A majority of EU governments oppose a plan to impose hefty duties on solar panel imports from China, a survey of member states showed on Monday, undermining efforts by Brussels to pressure Beijing over its trade practices.
The European Commission, the EU’s executive, accuses Chinese firms of selling solar panels at below cost in Europe — a practice known as “dumping” — and plans to impose duties, making it far harder for China to gain market share.
The duties, averaging 47 percent, will come into force from June 6 for a trial period and could be withdrawn if both sides reach a negotiated settlement.
Photo: AFP
It is the largest trade case the commission has undertaken, with about 21 billion euros (US$27.1 billion) of China-made solar panels sold in the EU.
The duties are being proposed by the EU’s trade commissioner, Belgian lawyer Karel de Gucht, who met with Chinese Vice Minister of Commerce Zhong Shan (鍾山) for an informal meeting in Brussels on Monday.
The Chinese side described the meetings as “constructive” and said the pair discussed solar duties, as well as an EU threat to open an investigation into mobile telecom equipment makers Huawei (華為) and ZTE (中興).
However, Zhong said that either EU move would lead to a definitive Chinese response.
“Such practices of trade protectionism are not acceptable to China,” a spokeswoman for the Chinese mission to the EU said in a statement, and would “seriously sour the climate on bilateral trade and economic engagement.”
“The Chinese government would not sit on the sidelines, but would rather take necessary steps to defend its national interest” if the EU went ahead, the statement said.
The fear of Chinese reprisal and potential loss of business has led Germany, Britain and the Netherlands to be among at least 14 member states to oppose the sanctions, diplomats said.
The commission said China was pressuring some EU countries to oppose the duties.
“Commissioner De Gucht ... made it very clear to the vice minister that he was aware of the pressure being exerted by China on a number of EU member states, which explains why they are positioning themselves as they are in their advisory positions towards the European Commission,” the commission said in a statement.
The EU’s 27 countries had until Friday last week to submit a formal, written response to De Gucht’s plans. While the trade commissioner would still have the right to impose the duties, doing so in the face of member states’ opposition would be hard.

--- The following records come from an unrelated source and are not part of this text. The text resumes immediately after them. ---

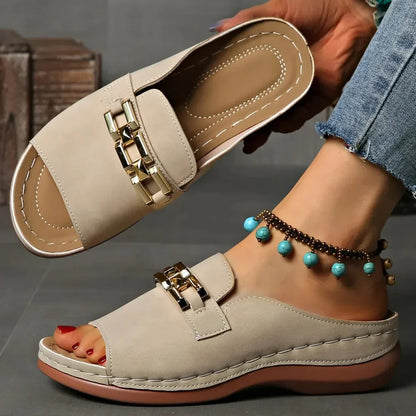 OrthoGlam Sandals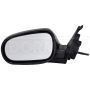 DORMAN 955-145 Side View Mirror - Left, Manual Black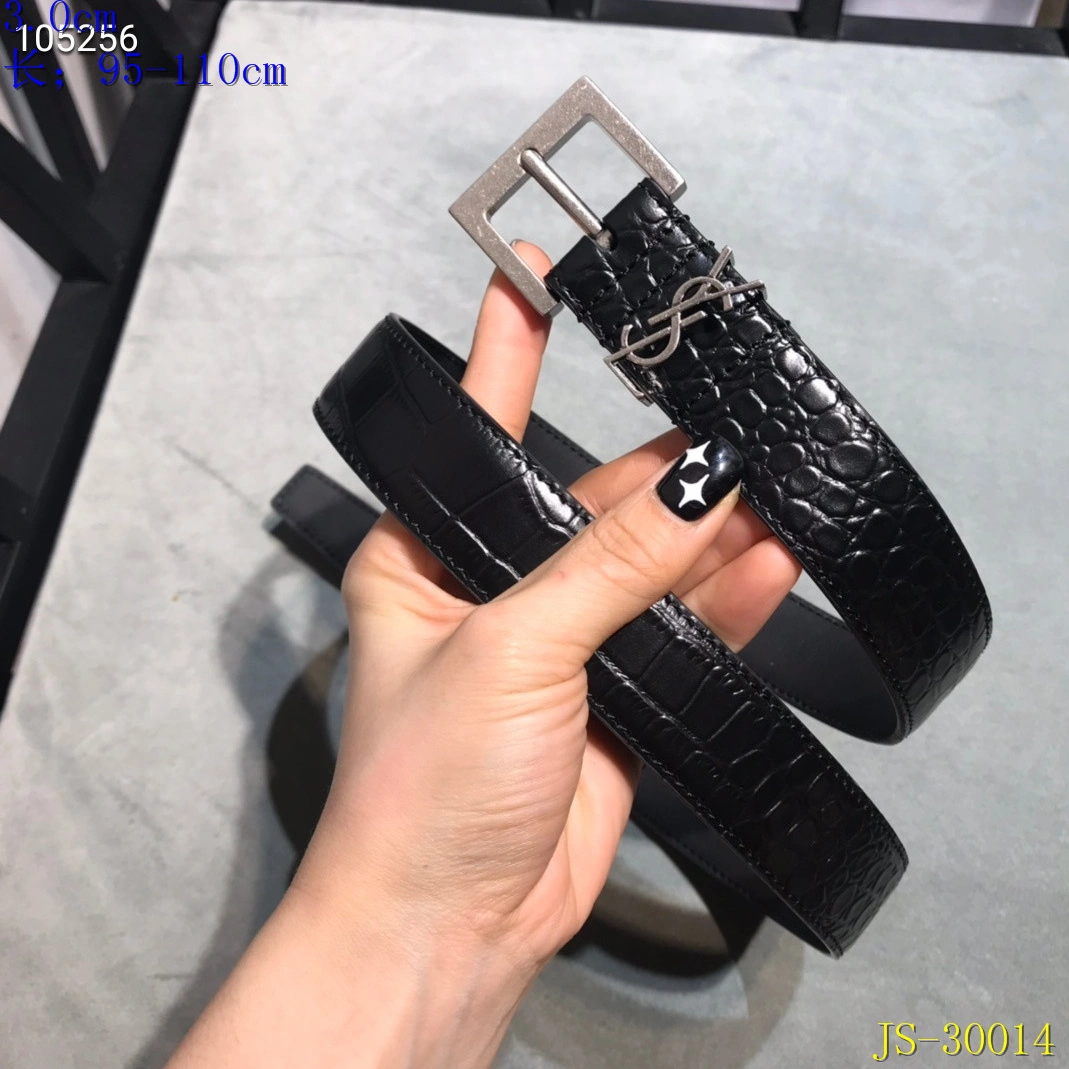 Yves Saint Laurent AAA Belts Efficient 3783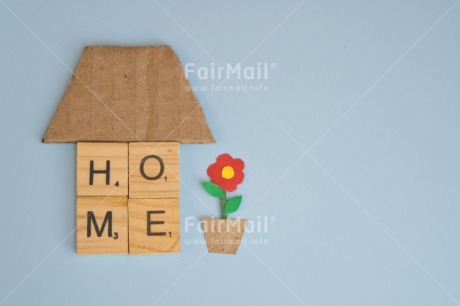 Fair Trade Photo Build, Colour image, Food and alimentation, Home, Horizontal, Letter, Move, Nest, New home, New life, Object, Owner, Peru, Place, South America, Sweet, Text, Welcome home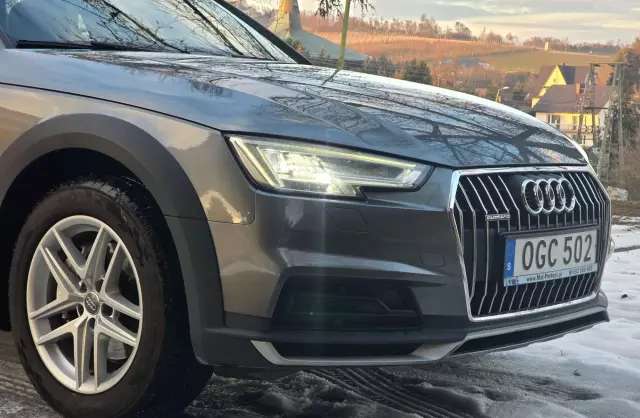 AUDI A4 2.0 TDI (190 KM) quattro S tronic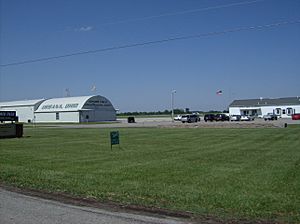 Grimes Field, Urbana, Ohio, United States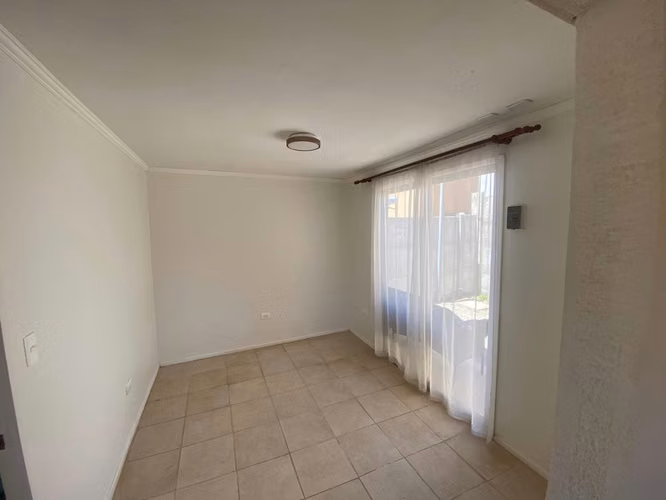 ARRIENDO CASA 3D 3B FALDEOS DE LA FLORIDA EN LA SERENA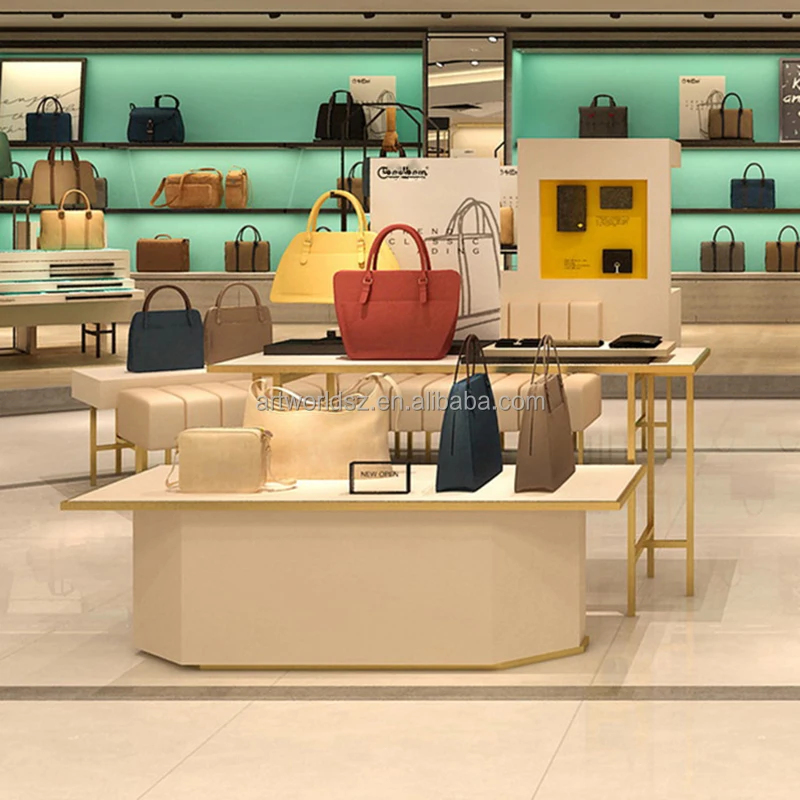 custom.Artworld Displays Custo - Luxury Bags In Store review and price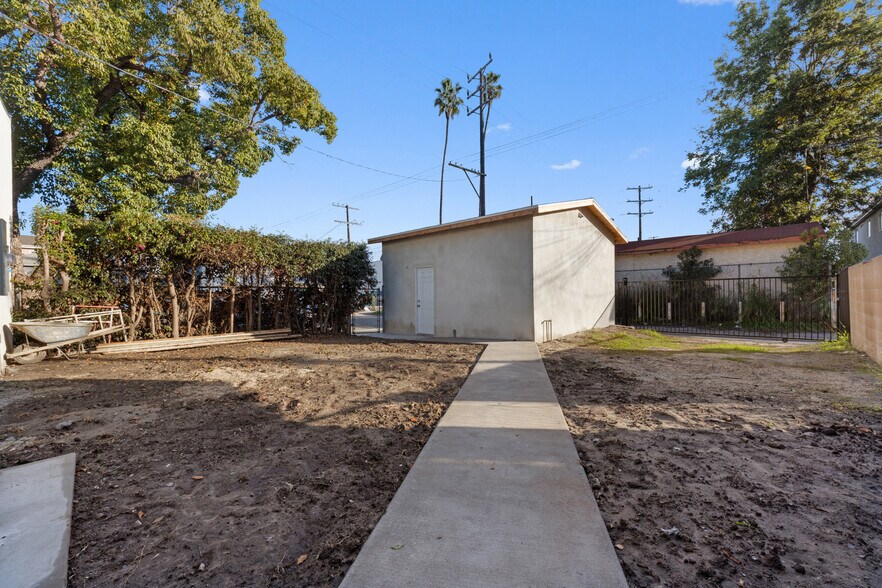 More Photos Of 8405 McKinley Ave, Los Angeles Multifamily For Sale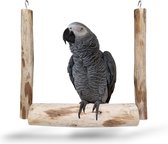 Grote schommel voor vogels | papegaaienschommel | Vogelschommel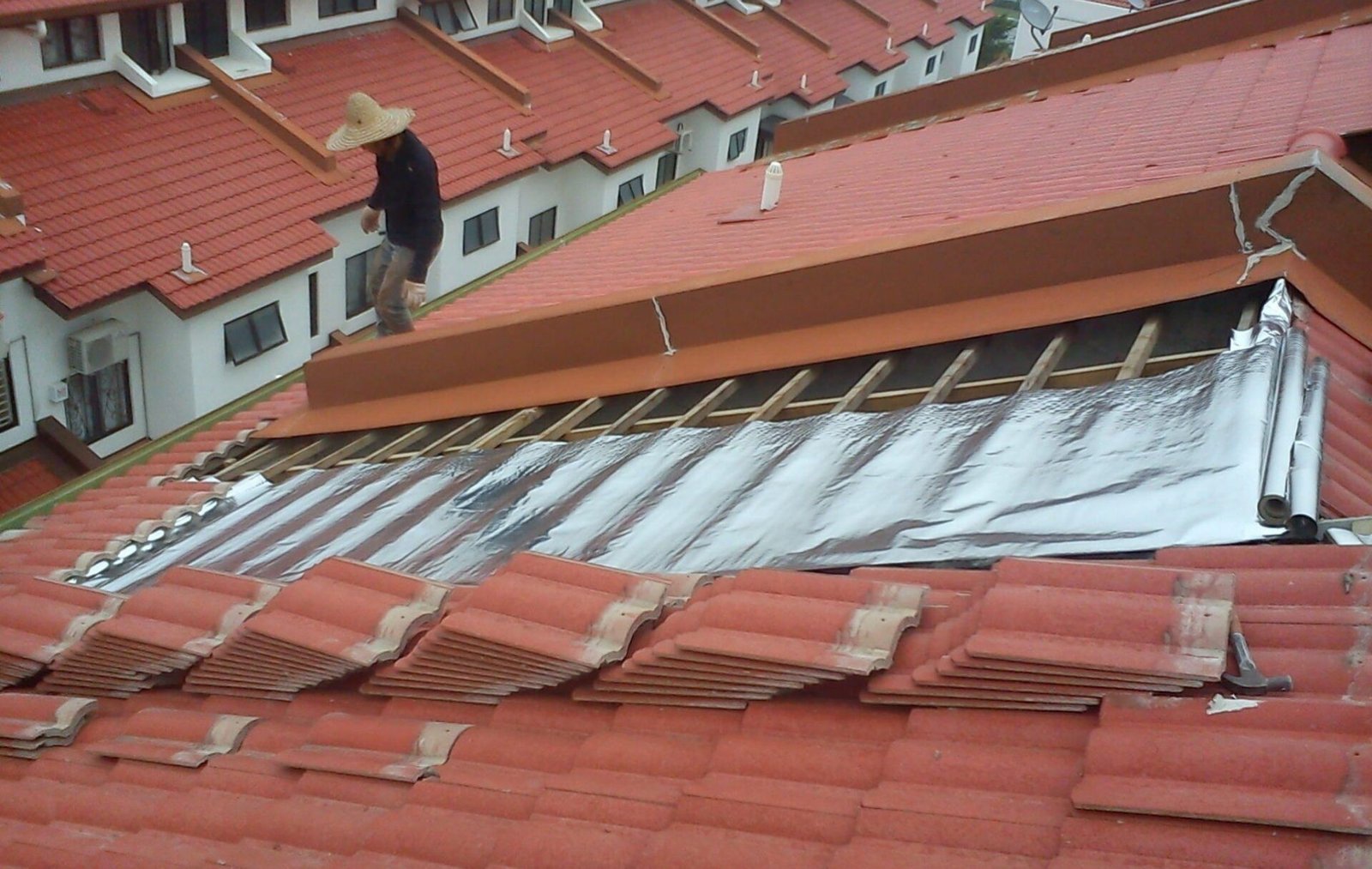 KCRoofmate Roof Insulation 7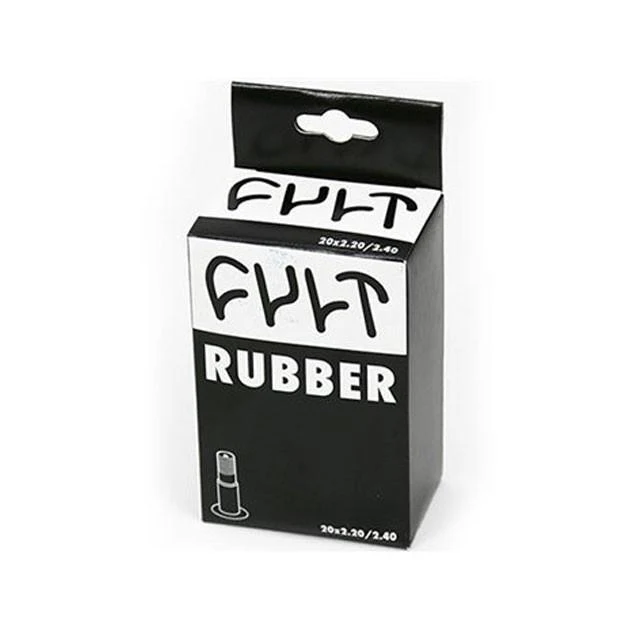 Cult BMX Inner Rubber Tube 20" X 2.20"-2.40"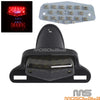 Cafe Racer Bonneville Norton Harley Fender LED Tail Light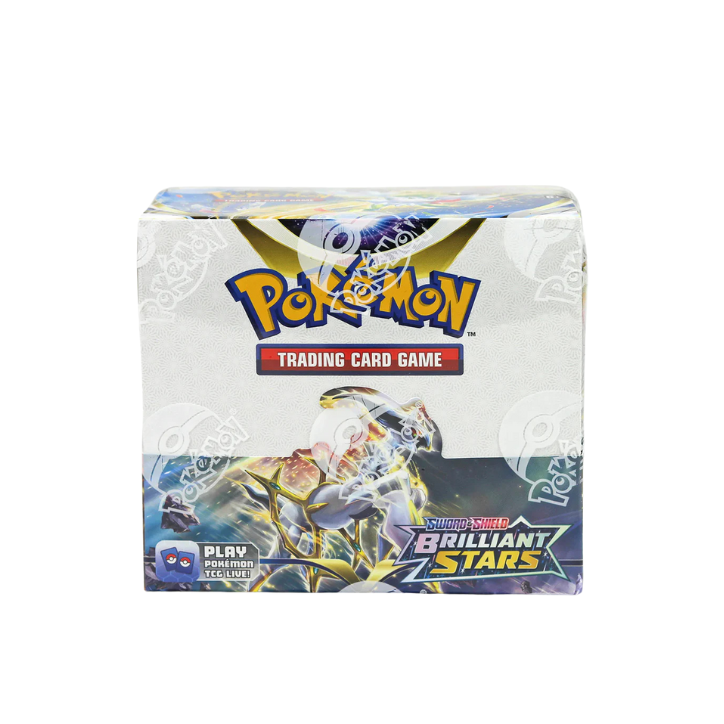 Pokémon Brilliant Stars Booster Box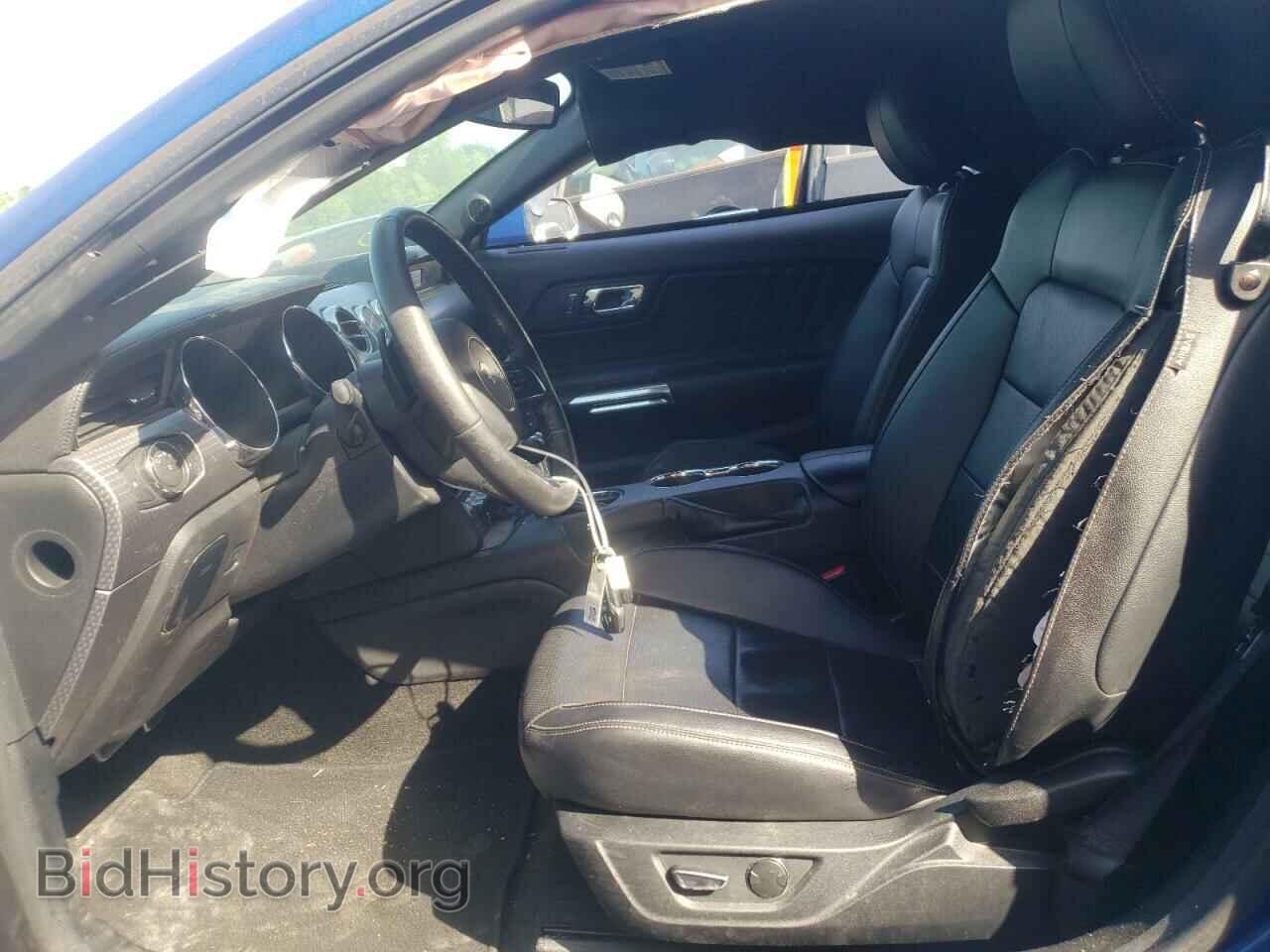 2017 FORD MUSTANG - VIN: 1FA6P8TH5H5202102 - Фото 5
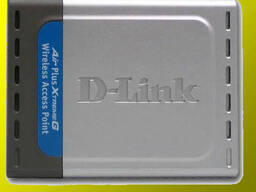 Wi-Fi роутер, точка доступу D-Link DWl-700AP AiuPlus G 2.4Hz (Маршрутизатор) б/у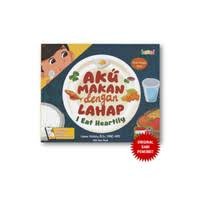 Aku Makan Dengan Lahap (I Eat Heartily)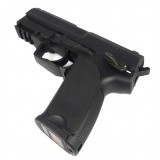 Glock G18C Elettrica TAN (CM030T CYMA)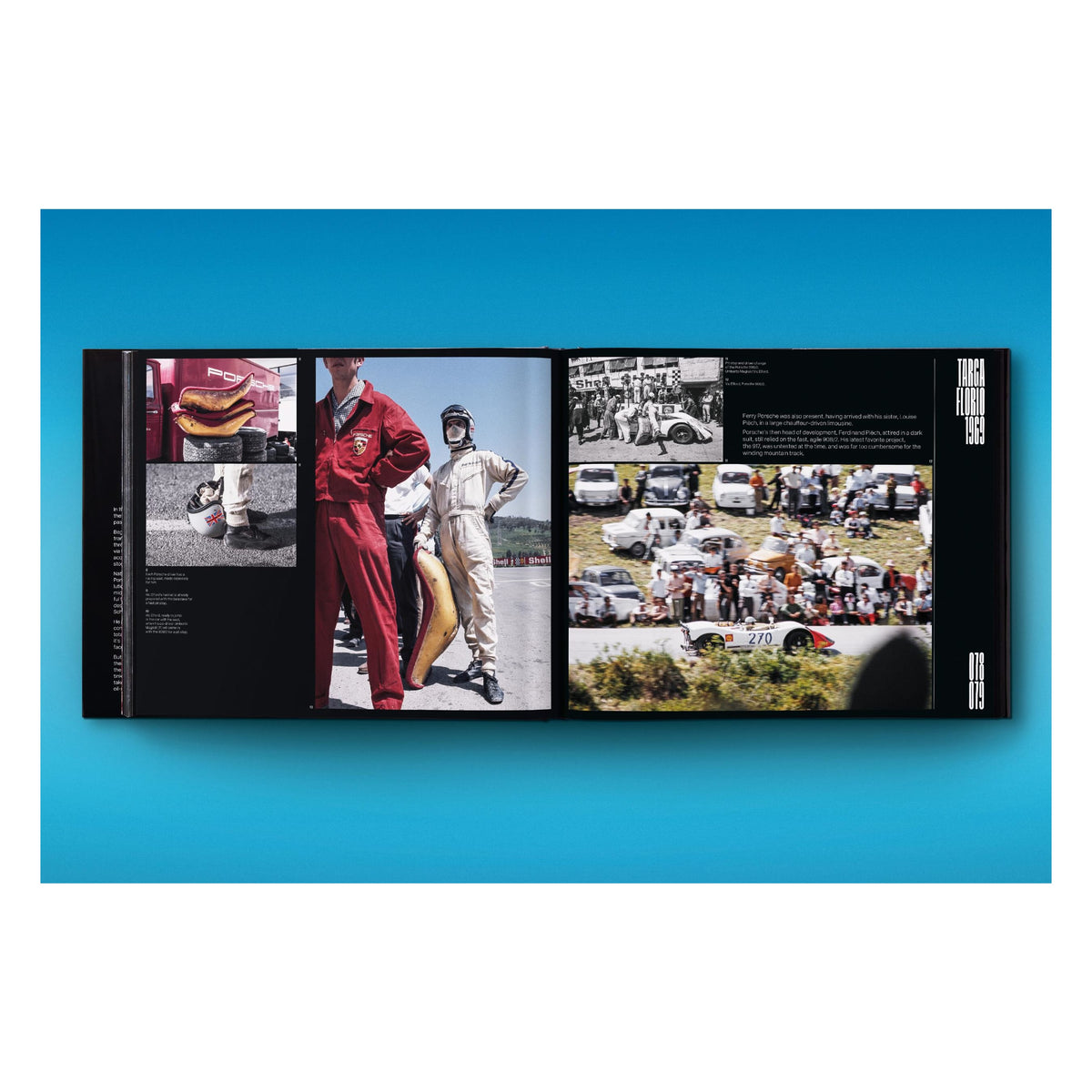 Rainer W. Schlegelmilch. Porsche Racing Moments (English)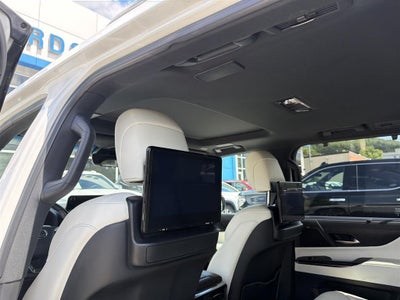 2022 Lexus LX LX 600 Luxury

The commission statement said De Gucht told China’s vice minister he wanted “to examine the possibility of a negotiated settlement in partnership with the United States should this become necessary.”
Provisional duties will more than likely still go ahead on June 6, once they are published in the EU’s official journal, officials say, but the pressure to roll them back before they become permanent in December will be intense.
The split underlines the depth of division in the EU over how to deal with China, a critical market for many EU exporters and the region’s second-biggest trading partner overall.
Reuters spoke to 21 of the EU’s 27 countries and confirmed that 15 opposed the duties, while six supported them.
The other six either declined to say or were unreachable.
France and Italy are leading a group of countries that say De Gucht is right to go ahead with sanctions, arguing that China’s rapid rise in solar panel output to more than the world’s entire demand could not have happened without illegal state support.
Chinese companies have captured more than 80 percent of the European market from almost zero a few years ago.
De Gucht met China’s deputy commerce minister for informal talks in Brussels on Monday, a day after Chinese Premier Li Keqiang (李克強) and German Chancellor Angela Merkel, meeting in Berlin, called for an end to the dispute, as well as another conflict over Chinese telecom companies accused of dumping in Europe.
Germany initially supported De Gucht’s plans for duties and it was a German company, Solar World, that first raised the complaint against the Chinese.
However, rather than punitive measures, Merkel now appears to favor a negotiated solution, wary of the potential impact on German exporters if China were to take retaliatory steps.
“There is no need for more sanction measures,” German Minister of the Economy Philipp Roesler told a news conference on Monday after talks with Li.
Although De Gucht says he had no intention of damaging European business interests in China, he wants to show Beijing that the commission is serious about preventing dumping and that China must play by international trade rules.
France shares that view.
“We want to see a balanced relationship between China and the European Union,” French Minister of Industry Arnaud Montebourg said. “Countries that use protectionism, and China is one of them, should accept reciprocal rules.”